In the computerized workplace of the 21st century, skills and education are becoming ever more valuable, and those that don’t keep up with this technological revolution are left on the wrong side of the so-called digital divide. That’s the rationale behind government subsidies for computers and all sorts of corporate-giving programs focused on computer education. But anyone who has witnessed the gaming power of the modern PC is surely aware that these machines won’t necessarily be used for educational purposes if placed in the hands of an easily distracted teenager.
This is the topic of this month’s Slate column, where I report on the results of a study by Cristian Pop-Eleches, my colleague in Columbia’s economics department. Pop-Eleches and his coauthor, Ofer Malamud, find that distraction won out over more studious pursuits when unchaperoned kids were given subsidized computers by the Romanian government.
Obviously, this hadn’t been the government’s intention in designing the program (nor is this the intent of the host of other efforts that similarly focus on providing poor kids with computer access).
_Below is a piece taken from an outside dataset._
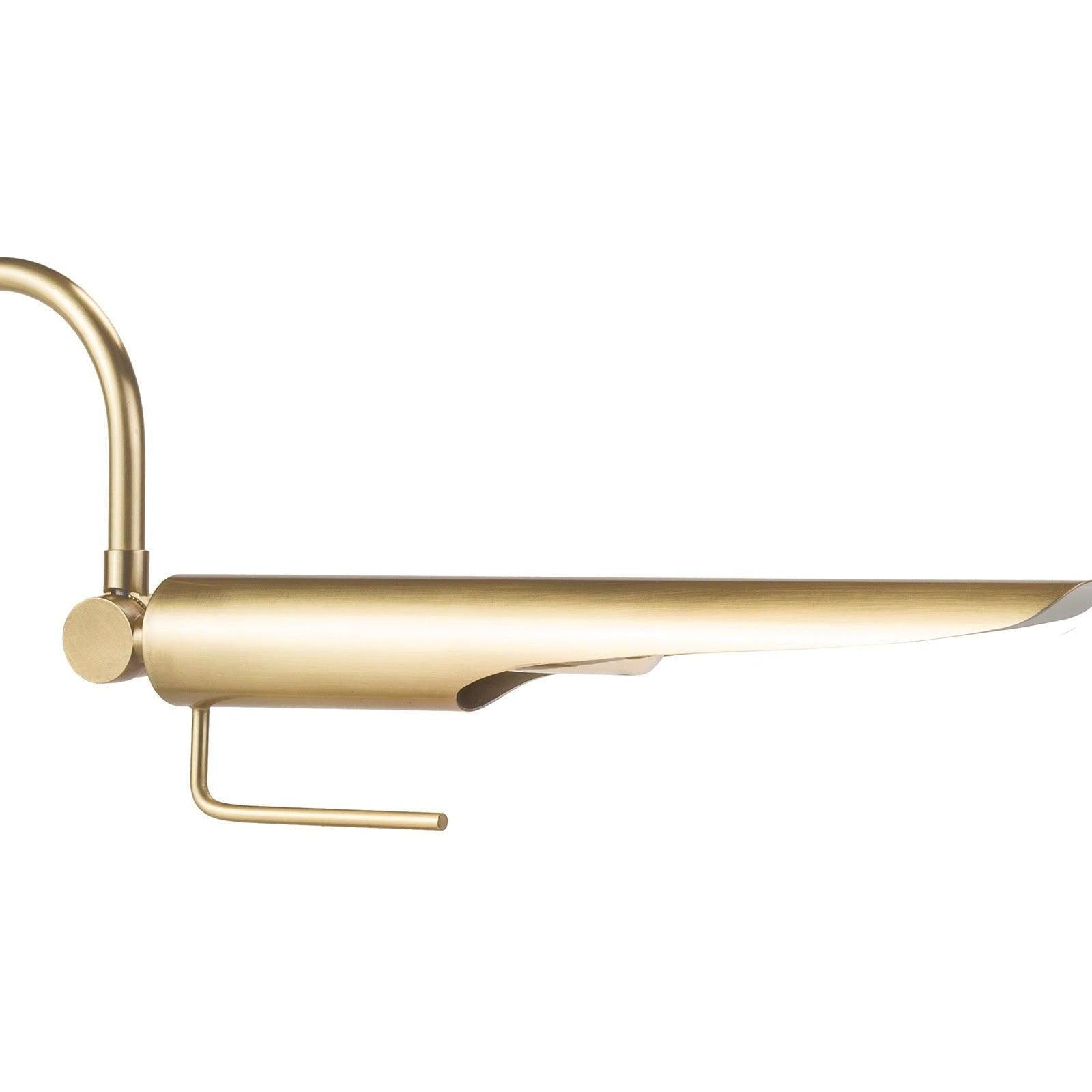 Regina Andrew Raven Task Lamp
The Romanian experience with computer subsidies also serves as an object lesson on the importance of having mechanisms in place for evaluating the impact of social programs, whether they originate in government or through corporate philanthropy.
I’m hoping that companies whose philanthropic activities focus on computer education will pay attention to Pop-Eleches’s study in designing their programs, and more broadly, I hope that companies become as serious about measuring the impact of their philanthropic pursuits as they are about tracking profits and losses.